It was a beautiful fog-free weekend at Laguna Seca in Monterey. The American Historic Racing Motorcycle Association (AHRMA) had staked out a motocross track on the rolling hills above the famous circuit, cut a small flat track oval out of the grass infield, and built a trials section, creating the four-ring circus atmosphere of vintage motorcycle events. On each of these courses, thriving in their respective disciplines, immaculately maintained racing machines from past eras were circulating, being put through their paces with a surprising degree of intent. It was a smorgasbord of motorcycle activity capable of sending any enthusiast with a sentimental pulse into sensory overload.
On the road race course, the sound of tapped out two- and four-stroke engines filled the air, riders pushing their cherished machines to the limit. The designers of those motorcycles would be proud to know they are still putting down laps in anger. The flat track oval—although small—provided plenty of sideways action, with Pursangs, Champion-framed Yamahas, and a plethora of vintage iron turning laps. The riders were a mix of old and young, with a wide range of styles—from careful plodding to full throttle pitching into corners. The vintage trials event was presented as the gentleman’s discipline, maintaining that air of sophistication the class had in the old days—before the sport went ballistic—with beautifully-restored machines tiptoeing their way between the ribbons under spotters’ eyes.
My Personal Heaven
My personal heaven, given my background, was the motocross venue. I arrived before a single knobby had been put to the perfectly groomed loam. When practice opened, I was pleasantly delivered back to my youth. Maicos, CZs, Bultacos, Husqvarnas, Elsinores, Pentons, and BSAs came blasting past. There was no babying of these precious mounts. Instead, the riders grabbed handfuls of throttle, sending up roosts hammering their bikes into berms, and banging elbows. The entire scene was bathed in the sweet scent of burnt pre-mix.

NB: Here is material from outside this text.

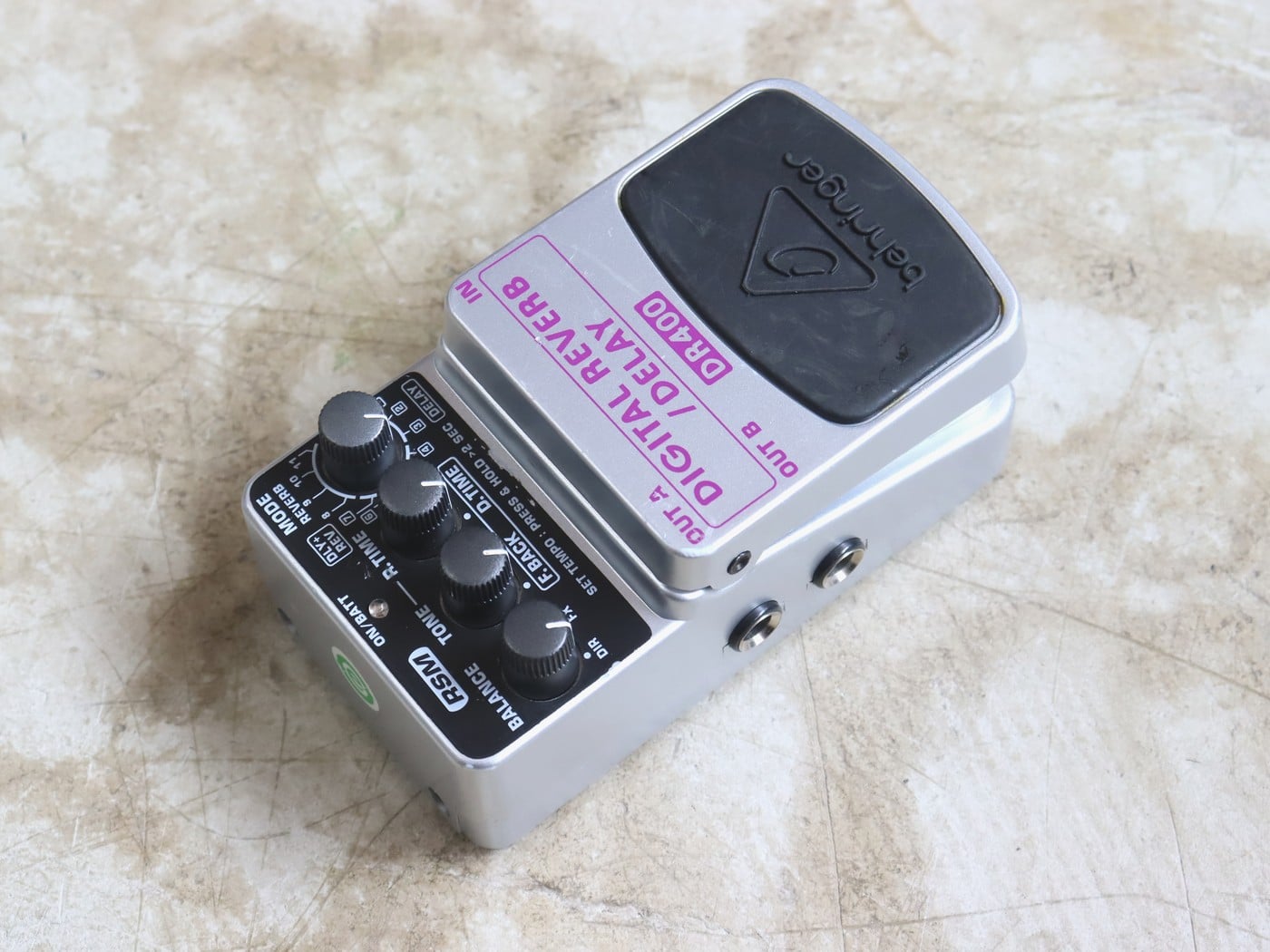 【中古】Behringer DR400 リバーブ / ディレイ - 画像 (2)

All around me were motorcycles I’d owned or longed for in my youth. The bike show presented pristine examples of old machinery, while the swap meet offered up thrashed versions of them. These well-loved bikes often came with a milk crate of parts alongside—like pets at the pound hoping to be taken home—conjuring notions of late nights in the garage to bring them back to their former glory. Sentimentality—that’s how we enthusiasts get into trouble.
Down Memory Lane
Wandering between the various tracks had me thinking of the bikes that passed through my hands over the years, wishing I’d hung onto them instead of selling them for the paltry sums I got. My Trail 70 and Yamaha 100. A DKW 125. My 1973 Honda Elsinore 250. The Penton Six-Day. A 1974 CZ 250. A 1976 Suzuki RM 250. The Maico 250s, including a ’76 AW, a ’79, and an ’80. Perhaps the most moving remembrance was seeing an immaculate ’73 Husqvarna 125, which is what my now-deceased best friend rode when we were just teenagers.
The weekend unfolded in a wonderful collage of the past, brought to life with the sounds and smells of vintage racing. Walking around in this realm of memories, I realized I wasn’t alone in my savoring of a motorcycling past, as evidenced by several senior riders wearing the famous red and white leathers with the winged BSA logo. As I made my way back to the parking area, I found myself wondering whatever happened to my prized yellow Martini jersey I bought in an effort to emulate Joël Robert.